⟨
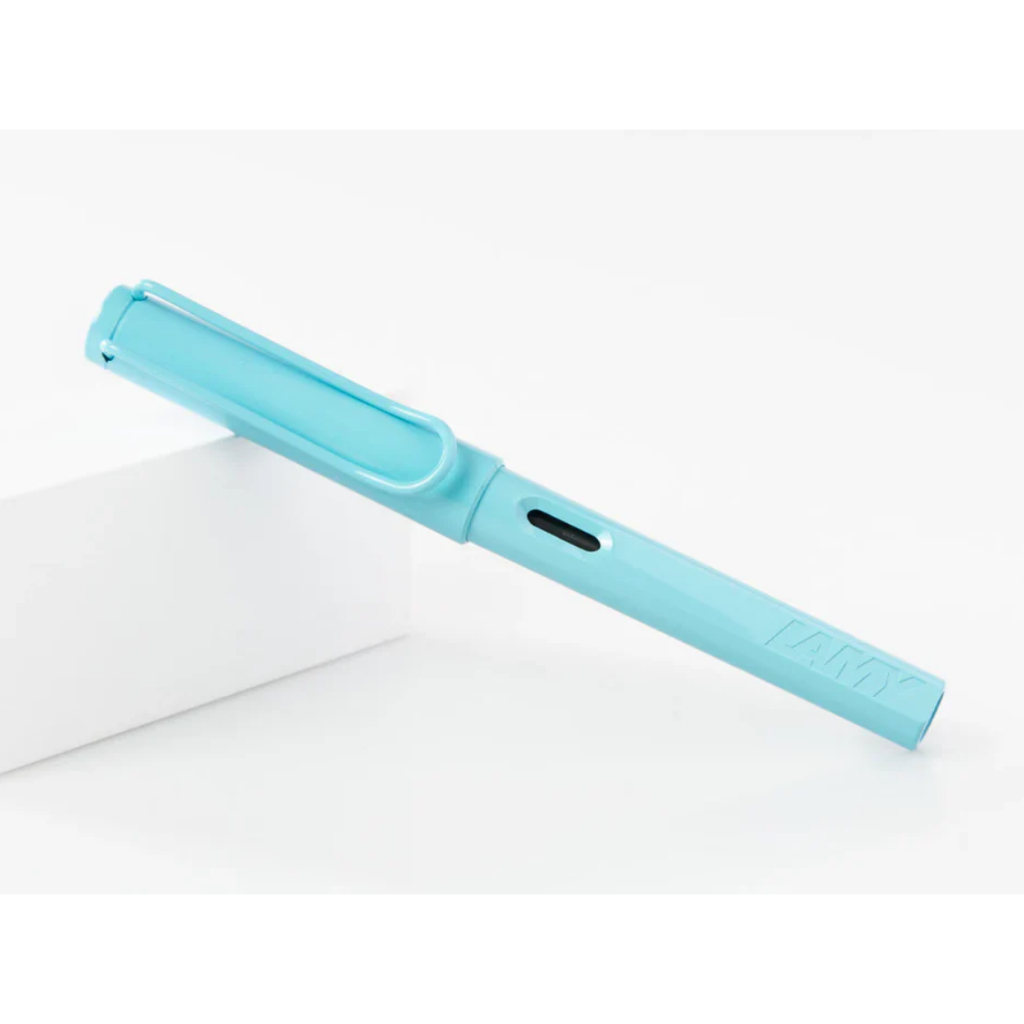 Lamy Safari Aqua sky Fountain Pen 2023 Special Edition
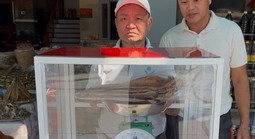 Sầm Sơn lắp cân đối chứng ở khu hải sản để chống "buôn gian bán lận"
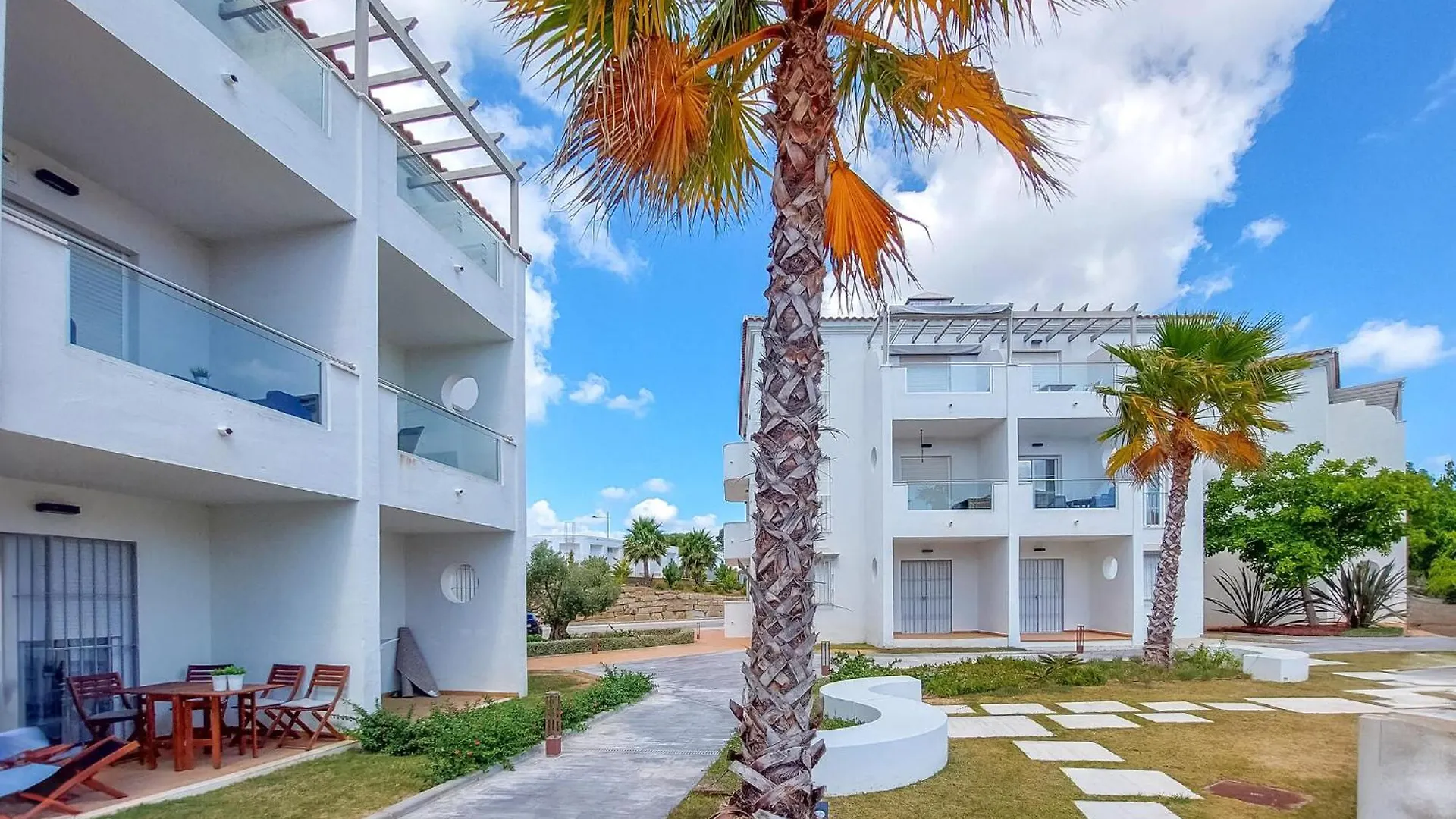 Awesome Apartment In Manilva With Kitchen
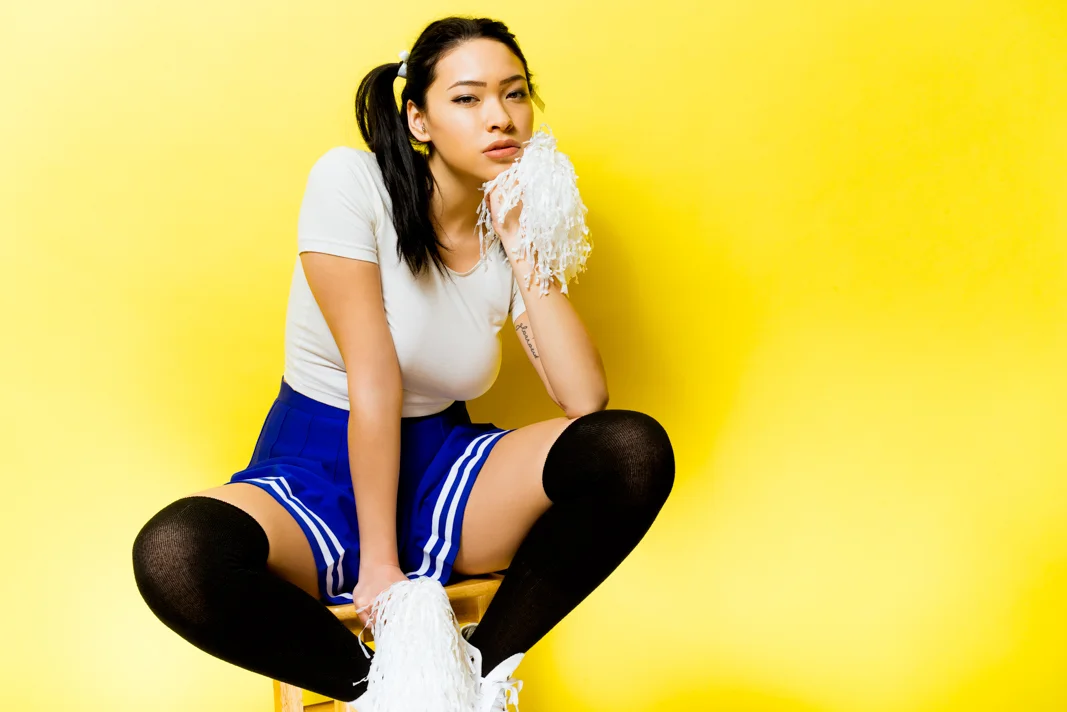 Cheerleaders 10photos-3.jpg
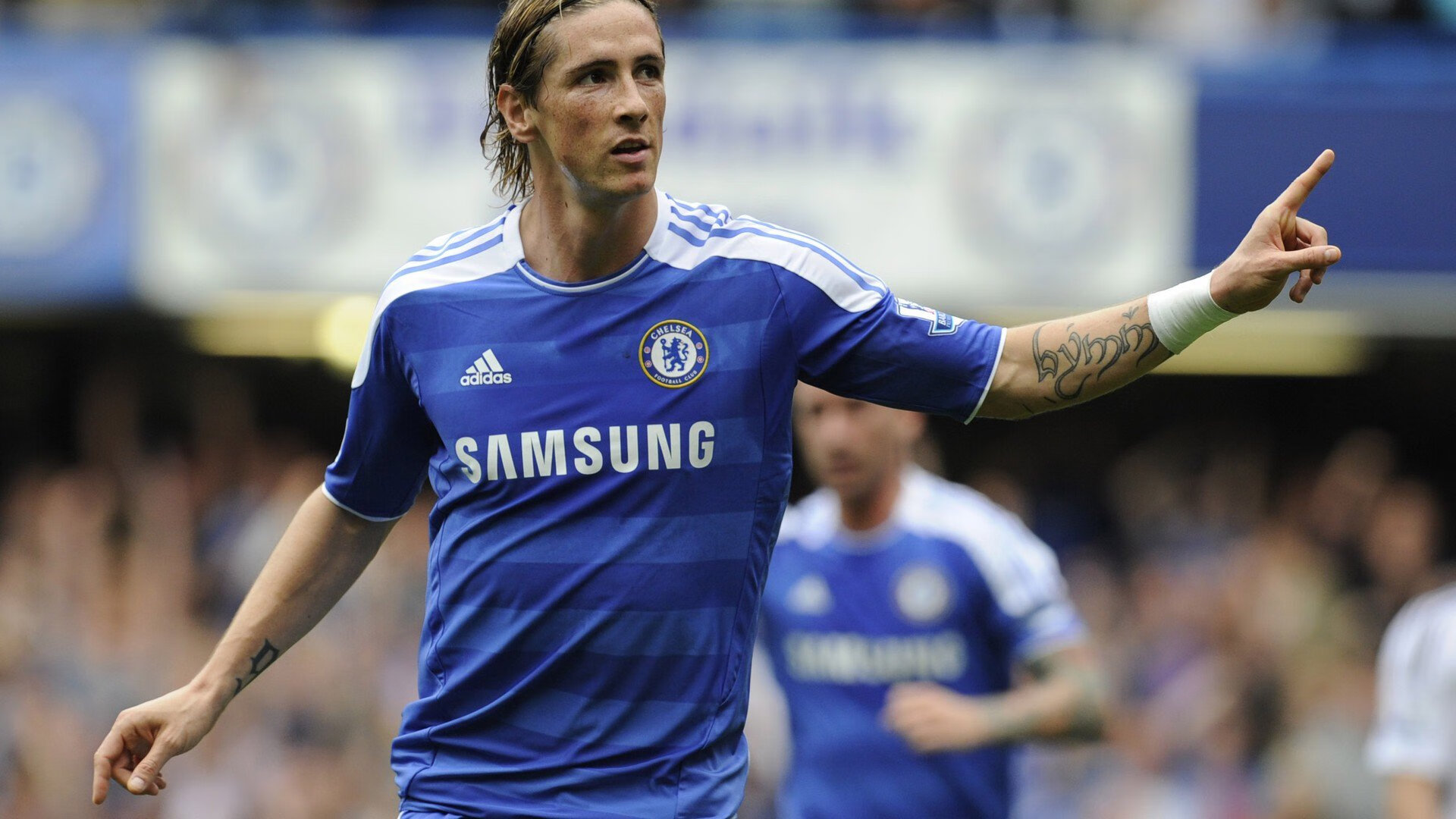 斯图加特双前锋制造连续冲击机会，斯图加特21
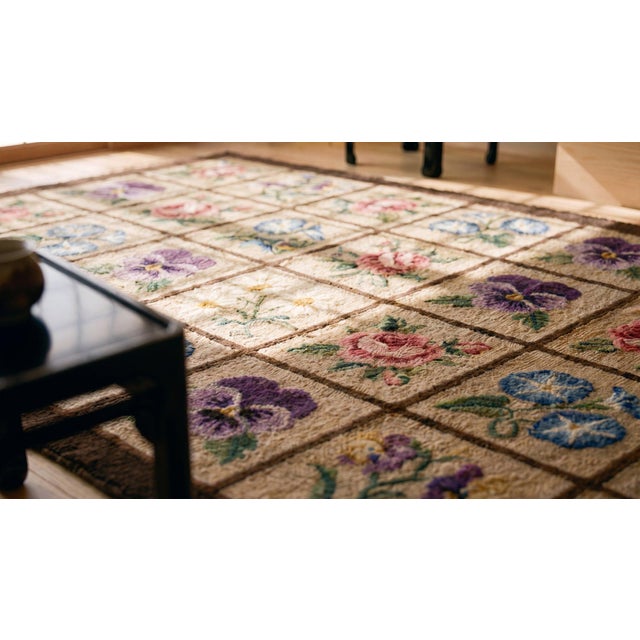 Textile 1940s Tan-Taupe Floral Checkerboard Folk Art Antique American Hooked Rug 3'9"x 5'6" Wool Carpet For Sale - Image 7 of 8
⟩
### Work request
Could you retype exactly, and only, the lines running from the one with "Sầm Sơn lắp" to the last line of the listing, while leaving any pictures out?

### Exercise output
 Sầm Sơn lắp cân đối chứng ở khu hải sản để chống "buôn gian bán lận"
 Awesome Apartment In Manilva With Kitchen
 Cheerleaders 10photos-3.jpg
 斯图加特双前锋制造连续冲击机会，斯图加特21
 Textile 1940s Tan-Taupe Floral Checkerboard Folk Art Antique American Hooked Rug 3'9"x 5'6" Wool Carpet For Sale - Image 7 of 8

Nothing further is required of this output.